▸ Activity
Go to the line that contains "Business-Banner-Roll-up-Set Standee-Banner-Vorlage. vektor" and transcribe from there to the end of the entries, that line and the last one included.

··· Entries provided

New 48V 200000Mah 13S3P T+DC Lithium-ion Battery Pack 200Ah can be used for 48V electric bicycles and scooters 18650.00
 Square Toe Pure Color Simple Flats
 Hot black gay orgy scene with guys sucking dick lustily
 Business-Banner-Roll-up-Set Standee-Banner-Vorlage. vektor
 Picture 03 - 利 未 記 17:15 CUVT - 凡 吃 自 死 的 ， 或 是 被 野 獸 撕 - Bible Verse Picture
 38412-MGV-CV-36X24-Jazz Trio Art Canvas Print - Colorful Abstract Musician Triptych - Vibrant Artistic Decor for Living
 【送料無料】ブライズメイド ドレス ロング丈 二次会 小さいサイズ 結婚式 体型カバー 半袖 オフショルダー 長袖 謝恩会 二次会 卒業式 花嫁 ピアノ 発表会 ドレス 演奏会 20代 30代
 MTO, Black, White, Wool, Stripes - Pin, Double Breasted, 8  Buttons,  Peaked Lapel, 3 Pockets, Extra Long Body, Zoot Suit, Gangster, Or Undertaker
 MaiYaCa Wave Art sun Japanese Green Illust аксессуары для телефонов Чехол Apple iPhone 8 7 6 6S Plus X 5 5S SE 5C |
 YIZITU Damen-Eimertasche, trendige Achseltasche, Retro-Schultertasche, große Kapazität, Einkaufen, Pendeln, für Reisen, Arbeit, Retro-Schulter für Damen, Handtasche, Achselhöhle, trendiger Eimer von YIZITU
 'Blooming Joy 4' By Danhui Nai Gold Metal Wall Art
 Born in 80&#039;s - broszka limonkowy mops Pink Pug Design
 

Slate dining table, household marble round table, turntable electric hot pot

······

▸ Task solution
 Business-Banner-Roll-up-Set Standee-Banner-Vorlage. vektor
 Picture 03 - 利 未 記 17:15 CUVT - 凡 吃 自 死 的 ， 或 是 被 野 獸 撕 - Bible Verse Picture
 38412-MGV-CV-36X24-Jazz Trio Art Canvas Print - Colorful Abstract Musician Triptych - Vibrant Artistic Decor for Living
 【送料無料】ブライズメイド ドレス ロング丈 二次会 小さいサイズ 結婚式 体型カバー 半袖 オフショルダー 長袖 謝恩会 二次会 卒業式 花嫁 ピアノ 発表会 ドレス 演奏会 20代 30代
 MTO, Black, White, Wool, Stripes - Pin, Double Breasted, 8  Buttons,  Peaked Lapel, 3 Pockets, Extra Long Body, Zoot Suit, Gangster, Or Undertaker
 MaiYaCa Wave Art sun Japanese Green Illust аксессуары для телефонов Чехол Apple iPhone 8 7 6 6S Plus X 5 5S SE 5C |
 YIZITU Damen-Eimertasche, trendige Achseltasche, Retro-Schultertasche, große Kapazität, Einkaufen, Pendeln, für Reisen, Arbeit, Retro-Schulter für Damen, Handtasche, Achselhöhle, trendiger Eimer von YIZITU
 'Blooming Joy 4' By Danhui Nai Gold Metal Wall Art
 Born in 80&#039;s - broszka limonkowy mops Pink Pug Design
 

Slate dining table, household marble round table, turntable electric hot pot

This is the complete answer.